(Task description) Your copy of the data should match it exactly, except that the pictures are gone.

(Dataset extract)
+ + + +

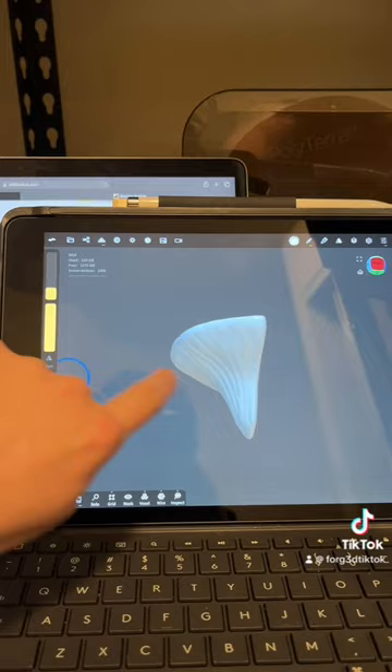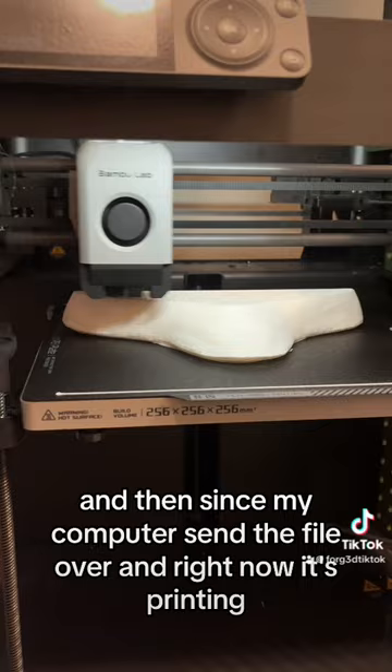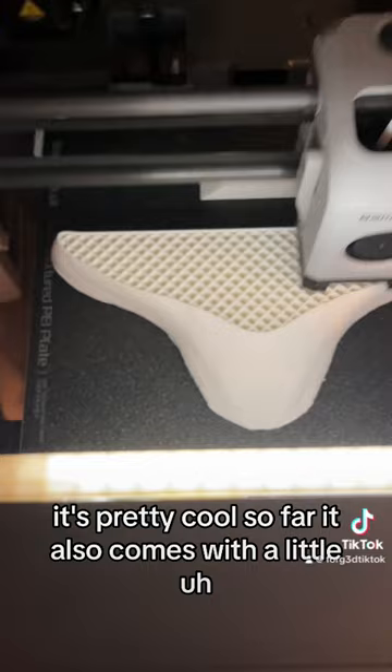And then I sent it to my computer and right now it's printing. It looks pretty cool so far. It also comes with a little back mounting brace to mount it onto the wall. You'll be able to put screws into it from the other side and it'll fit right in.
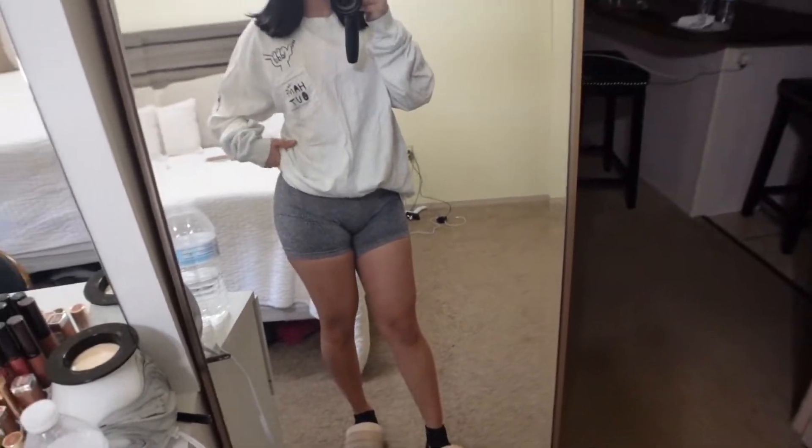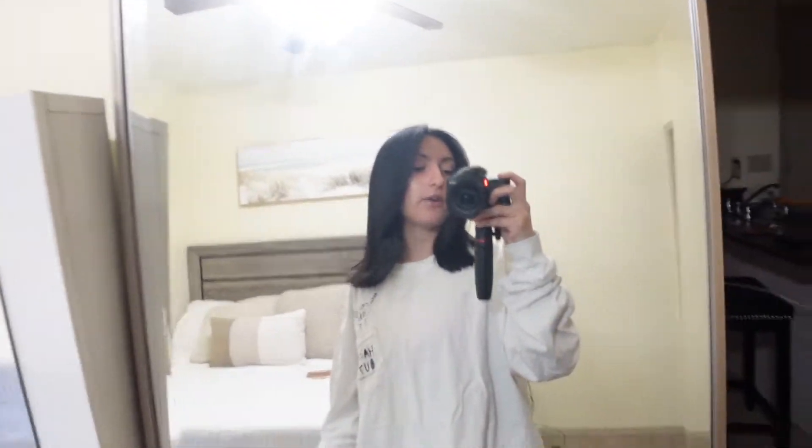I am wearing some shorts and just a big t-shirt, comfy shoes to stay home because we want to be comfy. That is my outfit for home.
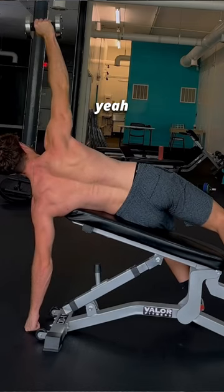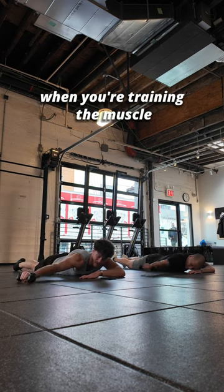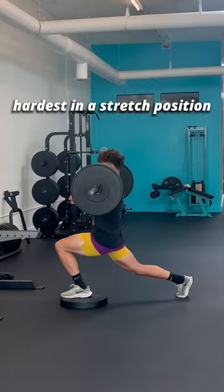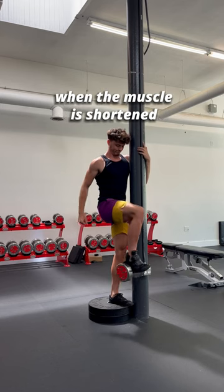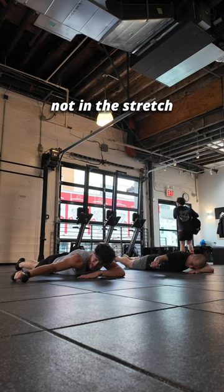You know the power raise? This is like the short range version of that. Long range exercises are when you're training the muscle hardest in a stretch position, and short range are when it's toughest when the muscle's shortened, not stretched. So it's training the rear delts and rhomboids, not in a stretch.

+ + + +

(Written solution)
And then I sent it to my computer and right now it's printing. It looks pretty cool so far. It also comes with a little back mounting brace to mount it onto the wall. You'll be able to put screws into it from the other side and it'll fit right in.
I am wearing some shorts and just a big t-shirt, comfy shoes to stay home because we want to be comfy. That is my outfit for home.
You know the power raise? This is like the short range version of that. Long range exercises are when you're training the muscle hardest in a stretch position, and short range are when it's toughest when the muscle's shortened, not stretched. So it's training the rear delts and rhomboids, not in a stretch.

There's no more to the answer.